In fondo è l’ennesimo problema di adaptation, tema che in Kaufman lega da sempre l’artistico e l’esistenziale. “Adattare” il libro di qualcun’altro, accettando di liberarsi del proprio solipsismo, corrisponde ad “adattarsi” in senso darwiniano; sopravvivere, incontrare la vita, uscire dalla prigione del proprio incessante monologo interiore. È quello che fa – ancora una volta – Kaufman, uscendo dalla sua comfort zone per confrontarsi con l’animazione per ragazzi. Ed è quello che fa il piccolo protagonista Orion (Jacob Tremblay), bambino terrorizzato da tutto, che una sera nella sua cameretta incontra il Buio (uno straordinario Paul Walter Hauser)e si fa condurre da lui in un viaggio incredibile alla scoperta della poesia della notte.

Su questa che è l’ossatura del libro di Yarlett, Kaufman interviene in due modi: da una parte facendo di Orionuna figura autobiografica di intellettuale nevrotico, paralizzato da un eccesso di riflessività che gli impedisce di agire e (postmodernamente) scrivere la propria storia. Dall’altra sottoponendo una lineare struttura da hero’s journey a un processo di moltiplicazione narrativa “a scatole cinesi”, rilanciando continuamente il punto di vista e l’identità del narratore(i). Anzichè lacerante come in altri suoi film, stavolta la scissione acquista un carattere liberatorio, da racconto interattivo che si costruisce attraverso le generazioni, le famiglie, le amicizie. L’ego geloso e ipertrofico del cinema kaufmaniano trova a sorpresa una dimensione sentimentale autentica, accettando di relativizzarsi e facendo pace coi suoi demoni in una forma che sta perfettamente dentro le logiche dell’animazione mainstream.

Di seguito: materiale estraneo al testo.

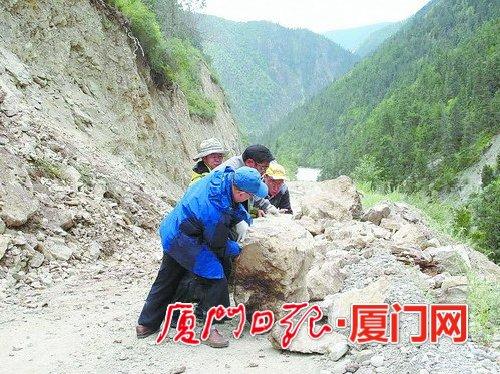 援藏干部下鄉(xiāng)調(diào)研途中遇到滾石墜落，合力將滾石推開為汽車開道。（肖衛(wèi)東 供圖）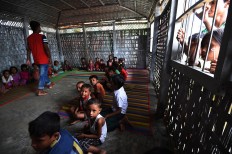 Rohingya Muslim refugee children sit inside a school in Leda refugee camp near the Bangladeshi town of Teknaf on September 18, 2017. Pressure grew on Myanmar September 18 as a rights group urged world leaders to impose sanctions on its military, which is accused of driving out more than 410,000 Rohingya Muslims in an orchestrated "ethnic cleansing" campaign. The exodus of Rohingya refugees from mainly Buddhist Myanmar to neighbouring Bangladesh has sparked a humanitarian emergency. Aid groups are struggling to provide relief to a daily stream of new arrivals, more than half of whom are children. AFP/ Dominique Faget 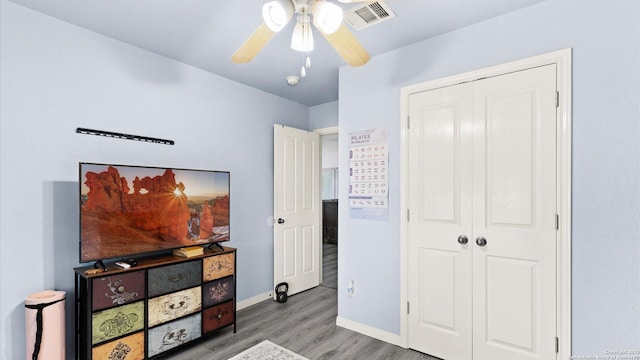 1238 Sugar Land, New Braunfels, TX 78130 - bedroom featuring wood finished floors, a closet, and a ceiling fan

Non è casuale che questo avvenga in casa DreamWorks, da sempre il più apertamente “adulto” (che non vuol dire intelligente) dei grandi studi americani d’animazione. Da quando Shrek e Z la formica rompevano le convenzioni della fiaba disneyana a colpi di cinismo e citazioni postmoderne, fino alla lotta fra Natura e Modernità di Madagascar – tema veramente “kaufmaniano” - i semi di Orion non stanno solo nella testa di un grande sceneggiatore, ma in un percorso decennale che tante volte ha toccato temi simili da dentro le logiche del cinema pop, e a cui oggi si aggiunge un nuovo affascinante tassello.